* WORK REQUEST: In the data below, one line contains "Cinfatusina 3.54 200 ML" and a later one contains "electrical repair". Print both, with every line between them, exactly and alone.

[RECORDS — start]

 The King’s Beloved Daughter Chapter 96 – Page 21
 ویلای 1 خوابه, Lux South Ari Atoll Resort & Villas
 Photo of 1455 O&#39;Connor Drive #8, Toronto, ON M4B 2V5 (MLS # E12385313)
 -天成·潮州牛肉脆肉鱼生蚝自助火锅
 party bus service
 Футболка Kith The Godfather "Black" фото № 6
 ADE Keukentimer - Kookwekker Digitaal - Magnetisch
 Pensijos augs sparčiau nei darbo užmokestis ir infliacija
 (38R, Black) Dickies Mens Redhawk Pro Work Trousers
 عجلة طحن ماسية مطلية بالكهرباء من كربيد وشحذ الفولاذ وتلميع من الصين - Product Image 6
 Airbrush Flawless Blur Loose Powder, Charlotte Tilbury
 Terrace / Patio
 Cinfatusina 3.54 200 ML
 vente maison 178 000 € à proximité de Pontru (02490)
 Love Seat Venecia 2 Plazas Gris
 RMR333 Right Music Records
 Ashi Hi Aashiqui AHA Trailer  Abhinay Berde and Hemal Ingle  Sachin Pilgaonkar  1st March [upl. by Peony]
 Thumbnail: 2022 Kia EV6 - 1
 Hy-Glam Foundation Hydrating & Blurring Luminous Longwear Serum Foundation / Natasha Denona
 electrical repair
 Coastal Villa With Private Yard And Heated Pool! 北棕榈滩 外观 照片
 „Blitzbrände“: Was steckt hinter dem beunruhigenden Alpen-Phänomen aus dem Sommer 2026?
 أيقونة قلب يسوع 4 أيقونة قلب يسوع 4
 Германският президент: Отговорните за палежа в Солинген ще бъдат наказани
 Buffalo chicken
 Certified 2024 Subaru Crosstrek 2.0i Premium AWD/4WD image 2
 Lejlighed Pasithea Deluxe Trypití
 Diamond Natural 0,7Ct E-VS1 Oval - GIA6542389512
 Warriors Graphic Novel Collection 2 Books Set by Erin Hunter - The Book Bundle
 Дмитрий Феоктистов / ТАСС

[RECORDS — finish]

* ANSWER TO THE PROBLEM:
 Cinfatusina 3.54 200 ML
 vente maison 178 000 € à proximité de Pontru (02490)
 Love Seat Venecia 2 Plazas Gris
 RMR333 Right Music Records
 Ashi Hi Aashiqui AHA Trailer  Abhinay Berde and Hemal Ingle  Sachin Pilgaonkar  1st March [upl. by Peony]
 Thumbnail: 2022 Kia EV6 - 1
 Hy-Glam Foundation Hydrating & Blurring Luminous Longwear Serum Foundation / Natasha Denona
 electrical repair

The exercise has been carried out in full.